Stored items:
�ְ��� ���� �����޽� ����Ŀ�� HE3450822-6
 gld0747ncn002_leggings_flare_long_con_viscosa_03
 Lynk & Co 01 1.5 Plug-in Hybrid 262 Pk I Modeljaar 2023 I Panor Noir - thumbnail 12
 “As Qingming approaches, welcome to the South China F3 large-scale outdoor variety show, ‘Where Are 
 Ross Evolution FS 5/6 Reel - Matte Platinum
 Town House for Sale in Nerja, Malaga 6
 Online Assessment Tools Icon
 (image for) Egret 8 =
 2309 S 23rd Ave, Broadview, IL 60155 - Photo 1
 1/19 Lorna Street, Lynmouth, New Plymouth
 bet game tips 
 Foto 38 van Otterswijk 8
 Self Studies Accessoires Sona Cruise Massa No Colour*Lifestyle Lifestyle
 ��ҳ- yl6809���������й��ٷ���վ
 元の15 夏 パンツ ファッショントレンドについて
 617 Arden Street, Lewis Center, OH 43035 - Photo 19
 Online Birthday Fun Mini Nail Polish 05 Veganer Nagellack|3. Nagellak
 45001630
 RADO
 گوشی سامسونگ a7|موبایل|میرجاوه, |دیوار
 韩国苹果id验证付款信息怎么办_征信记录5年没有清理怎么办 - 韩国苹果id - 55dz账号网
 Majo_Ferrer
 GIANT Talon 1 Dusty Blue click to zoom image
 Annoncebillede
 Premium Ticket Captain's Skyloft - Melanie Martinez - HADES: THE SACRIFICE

### Exercise description:
All that belongs in your answer is the stretch of entries above from the line with "2309 S 23rd" through the line with "Annoncebillede", printed exactly.

### Answer to this exercise:
 2309 S 23rd Ave, Broadview, IL 60155 - Photo 1
 1/19 Lorna Street, Lynmouth, New Plymouth
 bet game tips 
 Foto 38 van Otterswijk 8
 Self Studies Accessoires Sona Cruise Massa No Colour*Lifestyle Lifestyle
 ��ҳ- yl6809���������й��ٷ���վ
 元の15 夏 パンツ ファッショントレンドについて
 617 Arden Street, Lewis Center, OH 43035 - Photo 19
 Online Birthday Fun Mini Nail Polish 05 Veganer Nagellack|3. Nagellak
 45001630
 RADO
 گوشی سامسونگ a7|موبایل|میرجاوه, |دیوار
 韩国苹果id验证付款信息怎么办_征信记录5年没有清理怎么办 - 韩国苹果id - 55dz账号网
 Majo_Ferrer
 GIANT Talon 1 Dusty Blue click to zoom image
 Annoncebillede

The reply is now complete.